Distinctivité par l’usage de la marque RENT A CAR : la route fut longue

16/09/2021

C’est le point quasi final d’une longue saga judiciaire que la Cour de cassation est venue apporter dans sa décision du 7 juillet 2021 (n°19-16.028), dans laquelle la société RENT A CAR a du sévèrement batailler pour éviter la nullité de sa marque verbale éponyme.

 

CONTEXTE :

La société RENT A CAR est titulaire de plusieurs marques et notamment d’une marque verbale française éponyme, déposée en 1998 pour des véhicules (classe 12) et des services de location de véhicules (classe 39).

Constatant qu’un concurrent, la société ENTERPRISE, proposait des services similaires sous une marque « ENTERPRISE RENT-A-CAR », RENT A CAR a engagé en 2013 une action en justice afin d’obtenir la nullité de sa marque et sa condamnation pour contrefaçon et concurrence déloyale.

Elle a cependant essuyé un sérieux revers, tant en première instance qu’en appel, puisque les juges ont considéré que sa marque verbale « RENT A CAR » était nulle pour descriptivité et défaut de distinctivité.

La Cour de cassation était alors intervenue pour contredire la cour d’appel et casser sa décision, en juin 2017 ; mais la cour d’appel de Paris, juridiction de renvoi, a fait de la résistance et prononcé à nouveau l’annulation de la marque verbale RENT A CAR dans une décision de janvier 2019.

Un nouveau pourvoi en cassation a alors été formé par RENT A CAR, qui s’est cette fois avéré plus fructueux.

 

SOLUTION :

Si la marque RENT A CAR avait été annulée dans son intégralité pour défaut de distinctivité, la Cour opère dans un premier temps une distinction entre les classes visées par la marque.

S’agissant tout d’abord de la classe 12, à savoir les véhicules, les juges du fond avaient considéré que les termes « RENT A CAR », littéralement « Loue une voiture » en français, n’étaient qu’une description de ces produits ou à tout le moins les évoquaient fortement.

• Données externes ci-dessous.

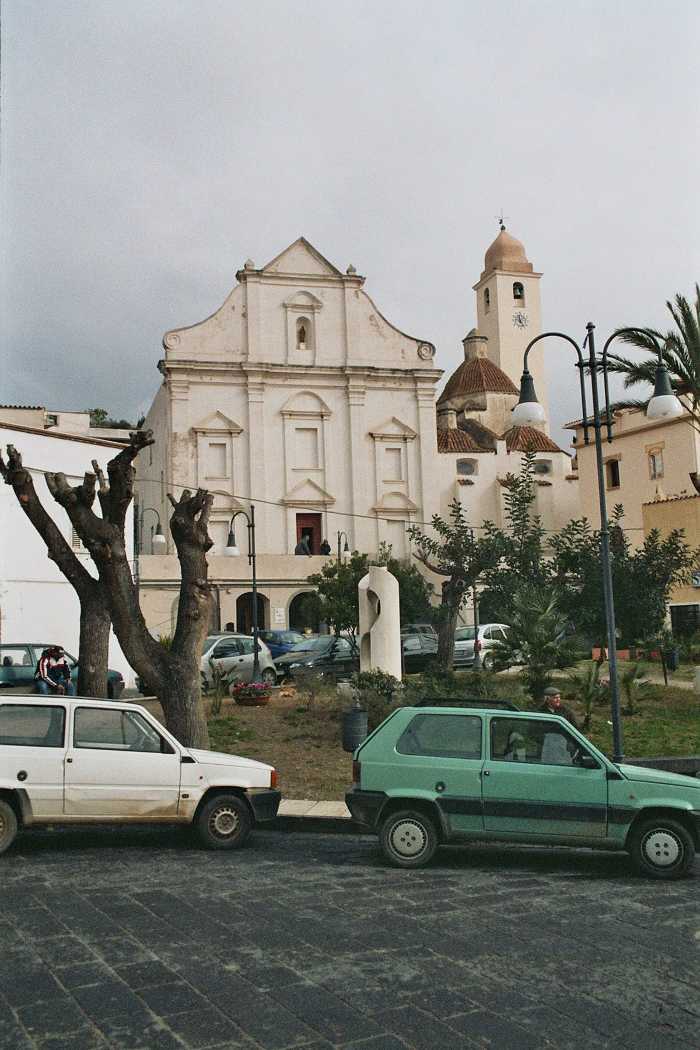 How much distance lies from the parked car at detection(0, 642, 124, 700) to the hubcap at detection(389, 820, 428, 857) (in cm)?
1287

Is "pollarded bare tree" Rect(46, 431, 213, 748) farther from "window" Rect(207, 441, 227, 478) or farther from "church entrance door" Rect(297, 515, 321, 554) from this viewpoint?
"church entrance door" Rect(297, 515, 321, 554)

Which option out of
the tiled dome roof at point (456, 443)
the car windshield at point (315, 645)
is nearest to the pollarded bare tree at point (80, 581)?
the car windshield at point (315, 645)

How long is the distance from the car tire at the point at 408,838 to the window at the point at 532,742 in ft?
3.00

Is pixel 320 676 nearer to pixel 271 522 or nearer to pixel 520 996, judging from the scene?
pixel 520 996

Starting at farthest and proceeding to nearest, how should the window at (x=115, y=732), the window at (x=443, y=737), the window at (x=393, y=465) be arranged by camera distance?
the window at (x=393, y=465) < the window at (x=115, y=732) < the window at (x=443, y=737)

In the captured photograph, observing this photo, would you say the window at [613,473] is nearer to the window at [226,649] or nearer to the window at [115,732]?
the window at [226,649]

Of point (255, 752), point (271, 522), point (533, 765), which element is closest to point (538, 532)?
point (255, 752)

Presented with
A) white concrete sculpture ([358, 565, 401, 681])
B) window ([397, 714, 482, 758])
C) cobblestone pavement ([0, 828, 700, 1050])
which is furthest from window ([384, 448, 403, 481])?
cobblestone pavement ([0, 828, 700, 1050])

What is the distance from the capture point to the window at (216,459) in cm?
4972

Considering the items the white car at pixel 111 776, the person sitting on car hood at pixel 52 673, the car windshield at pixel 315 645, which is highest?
the car windshield at pixel 315 645

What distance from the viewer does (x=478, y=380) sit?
67.9m

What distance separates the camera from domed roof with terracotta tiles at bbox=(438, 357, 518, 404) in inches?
2660

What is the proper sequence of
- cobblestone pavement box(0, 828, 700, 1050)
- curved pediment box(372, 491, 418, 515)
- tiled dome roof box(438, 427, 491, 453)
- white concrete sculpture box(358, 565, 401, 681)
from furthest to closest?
tiled dome roof box(438, 427, 491, 453) → curved pediment box(372, 491, 418, 515) → white concrete sculpture box(358, 565, 401, 681) → cobblestone pavement box(0, 828, 700, 1050)

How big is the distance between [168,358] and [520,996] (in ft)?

La Cour de cassation considère à l’inverse que le juge du fond ne démontre pas en quoi ce signe serait descriptif de véhicules (puisqu’il fait référence non pas directement à ceux-ci mais à leur location), et ce faisant rappelle que le seul fait qu’un signe soit évocateur n’est pas suffisant pour obtenir sa nullité.

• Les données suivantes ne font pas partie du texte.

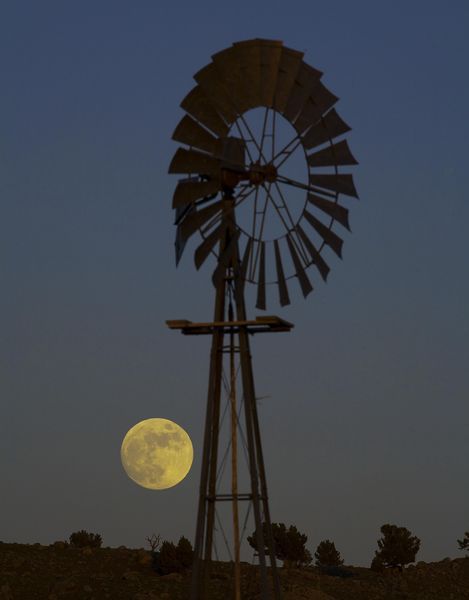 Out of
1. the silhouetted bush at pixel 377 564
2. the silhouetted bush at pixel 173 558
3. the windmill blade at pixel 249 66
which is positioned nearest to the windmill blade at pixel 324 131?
the windmill blade at pixel 249 66

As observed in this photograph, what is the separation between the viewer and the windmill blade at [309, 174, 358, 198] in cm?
2333

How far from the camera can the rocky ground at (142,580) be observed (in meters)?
31.6

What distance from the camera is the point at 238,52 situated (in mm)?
22938

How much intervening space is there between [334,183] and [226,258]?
8.72ft

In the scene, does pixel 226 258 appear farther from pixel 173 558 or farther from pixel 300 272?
pixel 173 558

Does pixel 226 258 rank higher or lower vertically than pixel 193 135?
lower

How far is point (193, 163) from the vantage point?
896 inches

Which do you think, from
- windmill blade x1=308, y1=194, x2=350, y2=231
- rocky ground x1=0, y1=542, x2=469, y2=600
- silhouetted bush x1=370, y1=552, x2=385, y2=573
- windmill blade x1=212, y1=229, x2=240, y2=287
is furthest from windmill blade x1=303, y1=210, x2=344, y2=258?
silhouetted bush x1=370, y1=552, x2=385, y2=573

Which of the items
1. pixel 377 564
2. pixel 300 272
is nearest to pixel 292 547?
pixel 377 564

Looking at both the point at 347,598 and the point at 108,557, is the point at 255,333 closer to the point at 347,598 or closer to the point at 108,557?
the point at 347,598

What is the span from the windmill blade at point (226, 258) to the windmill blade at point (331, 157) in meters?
2.15

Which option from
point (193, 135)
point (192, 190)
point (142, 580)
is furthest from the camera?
point (142, 580)

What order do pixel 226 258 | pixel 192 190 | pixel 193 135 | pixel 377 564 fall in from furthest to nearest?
pixel 377 564 < pixel 226 258 < pixel 192 190 < pixel 193 135

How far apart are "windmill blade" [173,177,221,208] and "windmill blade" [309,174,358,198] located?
195 centimetres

S’agissant ensuite des services de location de véhicule, pour lesquels la descriptivité était indéniable, le débat portait sur l’acquisition d’un caractère distinctif par l’usage de la marque « RENT A CAR » sur le territoire français.

En effet, bien qu’une marque ne soit pas, en tant que telle, distinctive, le droit français permet de la sauver lorsque cette marque est devenue distinctive à force d’être exploitée, de sorte que le public la comprend désormais comme la référence à une entité proposant des produits et services.

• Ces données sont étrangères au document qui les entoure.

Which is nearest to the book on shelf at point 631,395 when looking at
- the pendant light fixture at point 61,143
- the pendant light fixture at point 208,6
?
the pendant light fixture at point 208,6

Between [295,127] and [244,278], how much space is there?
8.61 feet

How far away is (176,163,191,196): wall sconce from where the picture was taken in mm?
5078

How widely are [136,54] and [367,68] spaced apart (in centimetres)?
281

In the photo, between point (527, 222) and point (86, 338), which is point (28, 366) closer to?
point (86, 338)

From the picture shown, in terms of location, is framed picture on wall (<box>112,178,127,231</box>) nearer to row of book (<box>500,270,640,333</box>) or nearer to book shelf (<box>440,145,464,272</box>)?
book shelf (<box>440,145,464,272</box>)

En l'espèce, RENT A CAR fournissait différents éléments démontrant la notoriété de son nom auprès du public - notamment des sondages - qui l’associait aux services de location de voiture, ainsi que la notoriété particulièrement importante de sa marque semi-figurative, à savoir son logo qui reprend les termes « RENT A CAR ».

Or, la jurisprudence européenne considère depuis déjà de nombreuses années qu’il est parfaitement possible de prouver le caractère distinctif par l’usage d’une marque verbale par la distinctivité acquise par une marque figurative si cette dernière en reprend les mêmes termes.

Dès lors, la Cour casse également l’arrêt d’appel qui, selon elle, aurait dû retenir que la marque « RENT A CAR » avait acquis sa distinctivité par l’usage.

Le juge de cassation ne s’arrête toutefois pas là, puisqu’il décide de trancher une partie du fond du litige – pouvoir qui est suffisamment rarement utilisé pour être souligné – et de rejeter, définitivement, la nullité de la marque RENT A CAR.

Le reste du litige – à savoir les demandes liées à la concurrence déloyales et aux pratiques commerciales trompeuses de ENTERPRISE, dont les rejets par la cour d’appel de Paris sont également cassés - devra donc toujours être définitivement tranché par la cour d’appel de renvoi, mais RENT A CAR aura au moins la satisfaction de voir que sa marque éponyme peut continuer sa route.

 

RESUME :

Une marque, non distinctive dans l’absolu, peut « gagner » cette distinctivité par l’usage qui en est fait, notamment lorsqu’elle est particulièrement connue du public qui l’associera à des produits et services. Le fait que cette marque soit exploitée par l’intermédiaire d’un logo, lui-même déposé à titre de marque semi-figurative, n’empêche pas que la marque verbale bénéficie également de la distinctivité.